═════ Data shown ═════
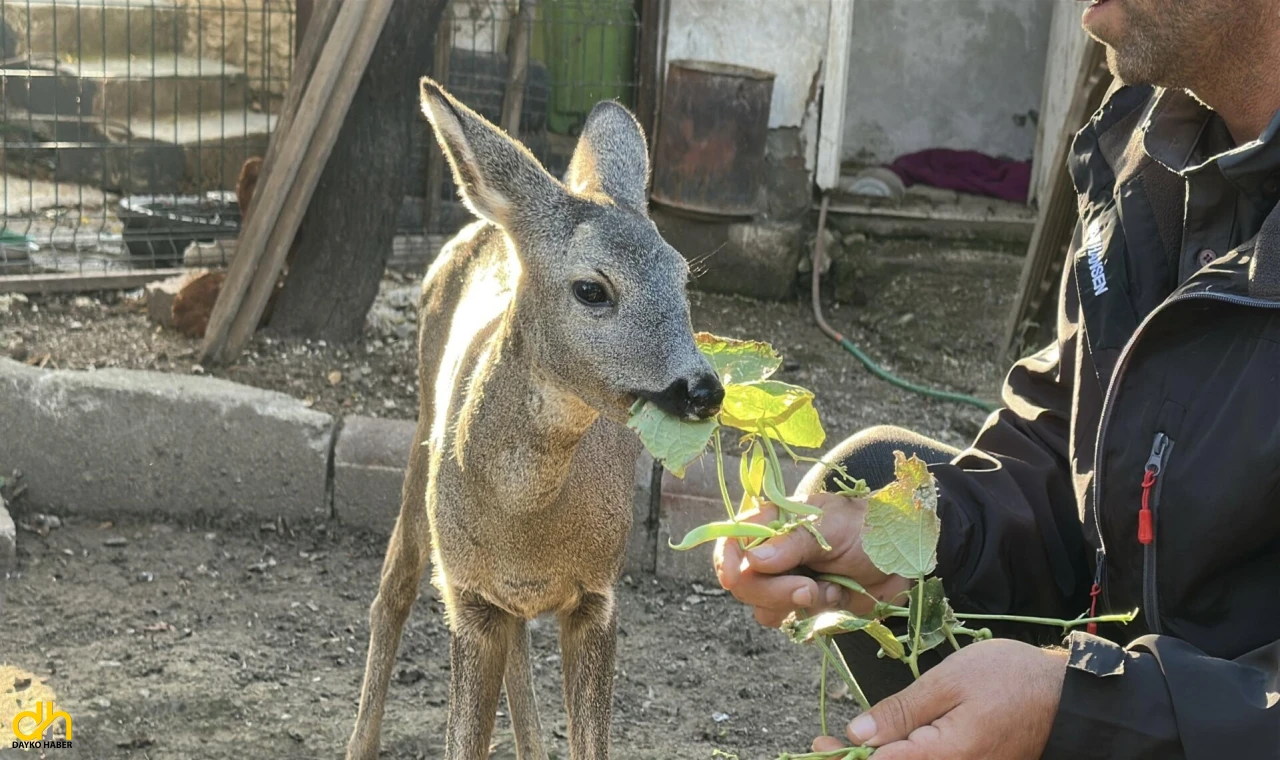 Yavru karacayı 5 aydır elleriyle besliyor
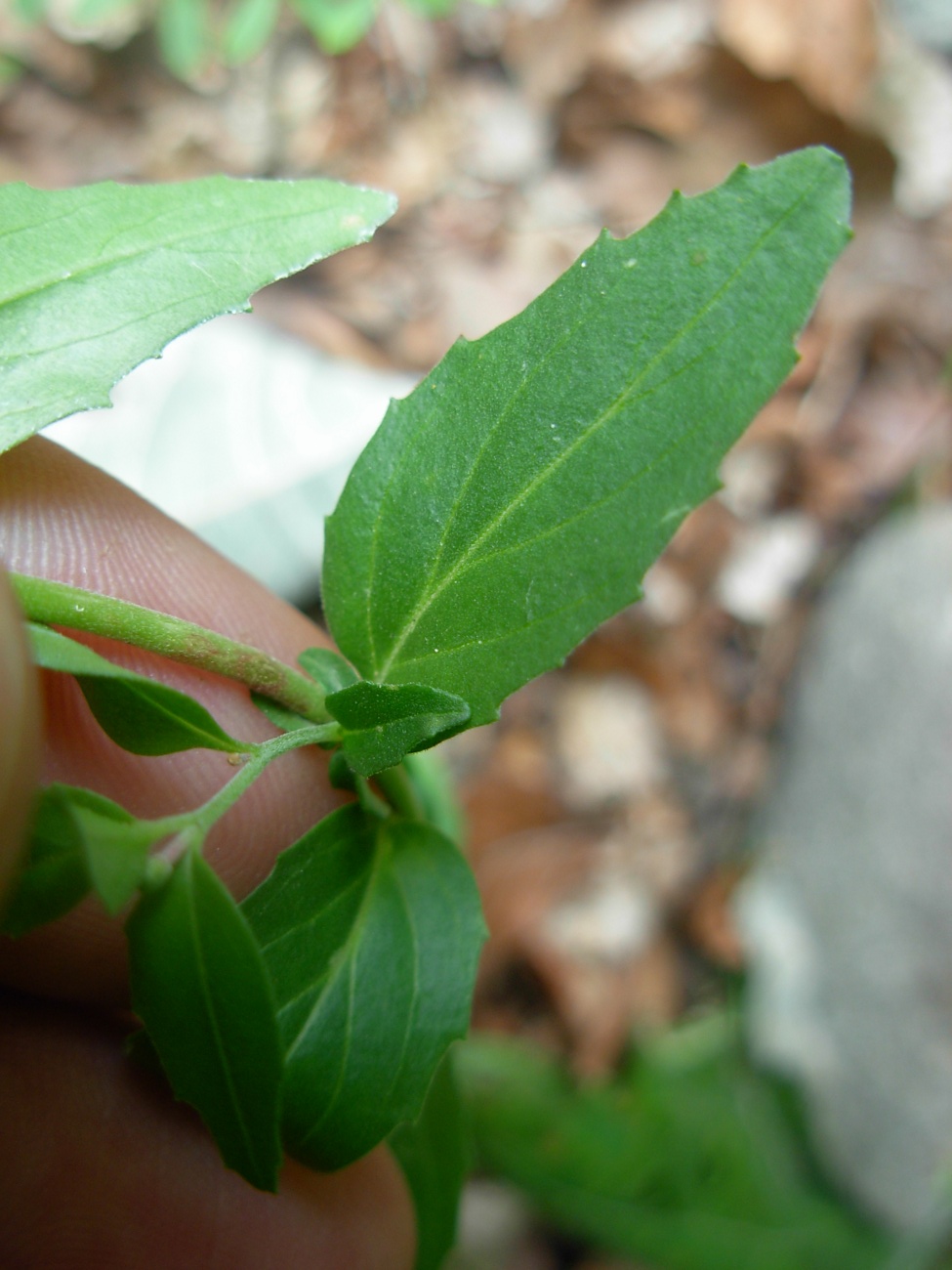Epilobium collinum C.C.Gmel. / Garofanino di collina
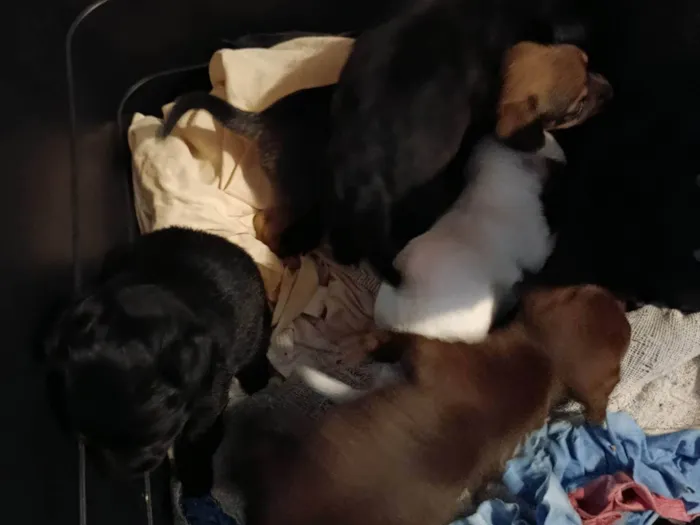 Cachorro ra a Pinscher idade 2 a 6 meses nome Não tem nome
═════
Exercise objective
In the copy, include no pictures, but repeat the listing exactly.

Result
 Yavru karacayı 5 aydır elleriyle besliyor
Epilobium collinum C.C.Gmel. / Garofanino di collina
 Cachorro ra a Pinscher idade 2 a 6 meses nome Não tem nome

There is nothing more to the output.